A Béni, la vente des habits et boissons est pratiquée par les jeunes filles entrepreneurs, mais les questions persistent autour de la provenance de leur capital.

« Nous connaissons plusieurs filles à Beni qui ont des boutiques mais la source de leur capital reste douteuse. Quand on compare le niveau de son business et les revenus de sa  famille, on constate très rapidement que que la famille n'est pas en mesure de lui donner un tel capital pour qu'elle commence un business. Malheureusement ces filles tirent leur capital dans de salle affaires. A voir Djamila, on se dit que ce n'est pas le cas pour elle, voilà pourquoi il faut savoir encourager ceux qui n'ont rien pour qu'elles aillent», explique Sarah Kisangani.

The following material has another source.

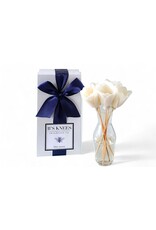 B's Knees Fragrance Diffusers Flower Reed Diffuser | Blue Moon Scent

Pour l'expert en économie, Guy Komanda, enseignant dans plusieurs universités dans le grand Nord-Kivu, il est important d'entreprendre une activité tout en gardant une bonne réputation : « Que Djamila ne confonde pas son chiffre d'affaires avec son bénéfice, ce qui demande une certaine discipline. Qu'elle continue à prouver que l'entrepreneuriat peut être fait tout en conservant une bonne réputation », conseille le chef des travaux Guy Komanda.

Aujourd'hui, dans la ville de Beni meurtrie, l'entreprenariat reste indubitablement l'un des nombreux leviers qui permet aux jeunes filles d'acquérir à la fois l'indépendance et participer au développement de la région.